Deskripsi Pekerjaan
Are you obsessed with system uptime, latency, and automated recovery? CloudScale Dynamics is seeking a visionary Senior Site Reliability Engineer to join our core infrastructure team. In this role, you will bridge the gap between development and operations, building highly scalable systems that power our global platform.
We prioritize engineering excellence, blameless post-mortems, and a proactive culture of automation. If you thrive in high-stakes environments and want to influence the architecture of mission-critical services, we want to meet you.
Tanggung Jawab
- Design, implement, and maintain highly available, distributed cloud infrastructure.

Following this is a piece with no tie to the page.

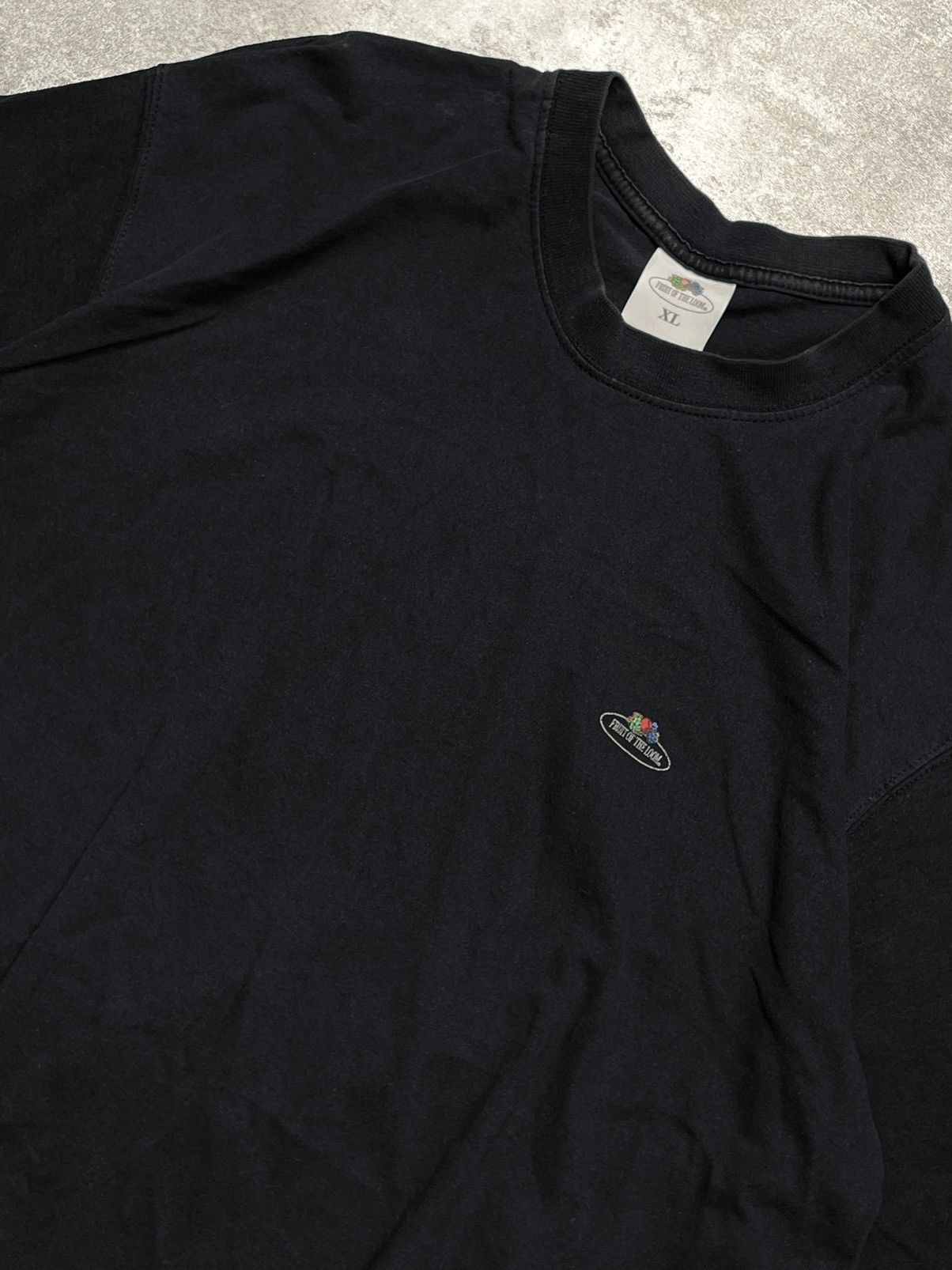 Fruit Of The Loom × Vintage 🔥Offer🔥Fruit Of The Loom Vintage Y2K T-Shirt Streetwear Rare Size US XL / EU 56 / 4 - 2 Thumbnail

- Automate manual operational tasks using Python, Go, or Bash to increase system efficiency.
- Lead incident response and perform deep-dive root cause analysis for production outages.
- Develop and manage CI/CD pipelines to ensure seamless deployment across global clusters.
- Implement comprehensive monitoring, alerting, and observability strategies using tools like Prometheus and Grafana.
- Collaborate with cross-functional software teams to influence architectural decisions for performance and scale.
- Manage capacity planning and resource optimization to control cloud infrastructure costs.
Kualifikasi
- Bachelor’s degree in Computer Science, Engineering, or equivalent practical experience.
- 5+ years of experience in SRE, DevOps, or Software Engineering roles.
- Deep expertise in managing large-scale infrastructure on AWS or GCP.
- Advanced proficiency with Kubernetes (K8s) orchestration and containerization strategies.
- Strong programming skills in Go, Python, or Java.
- Solid understanding of Infrastructure as Code (IaC) using Terraform or Pulumi.
- Proven ability to troubleshoot complex distributed systems under pressure.